Wednesday, January 21, 2009

One last post on the American presidential election:







No lack of coverage of inauguration here this week! As you can see from the photos, most magazines and newspapers featured articles on this event. And yesterday, many (the majority?) of French television stations, public and private, covered the events starting well in advance of the swearing in. And even more revealing was the French news team covering the inauguration. In Washington, along with French journalists you had Segolène Royal (who was Sarkozy’s opponent in the last French presidential election) along with the current Miss France (who holds both French and American citizenship (part of her youth was spent in Mississippi). Also covering the event (though I’m not certain whether from Washington or Paris) was Christine Lagarde, French minister of Finance (who spent 20+ years as a corporate lawyer in the US) and Rama Yade, French secretary of state for human rights (who was born in Senegal).

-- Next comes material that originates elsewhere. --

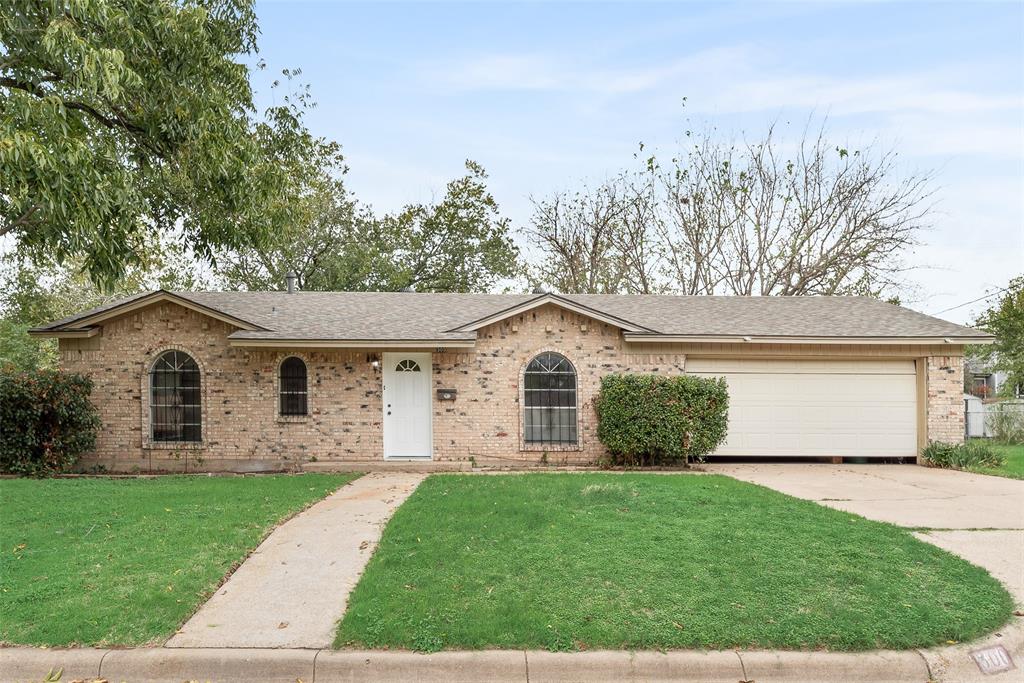 300 S Cherry Lane, Granbury, TX 76048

The commentary was equally revealing. Echoing yesterday’s headline in Le Monde, one comment was Obama brings ‘patriotism without nationalism’. Another striking comment (which I haven’t heard in the American press so this may be a perspective from this side of the pond) is that maybe Obama will be the last black American president, meaning that going forward maybe race won’t be a notable characteristic. We can only hope that his presidency takes us that far! And the inauguration was front page news in the daily papers today (and I don’t mean just a little article – it was THE front page).


It’s hard to describe the depth of the excitement, anticipation and outpouring of good will one feels here. When I arrived at exercise class yesterday, everyone congratulated me and I received moving e-mails from a couple of French friends. Though the US is far, far from perfect and though everyone knows that the problems we (all) face are enormous, the sense is that yesterday we regained much of the good will of other nations that was progressively lost during the past 8 years.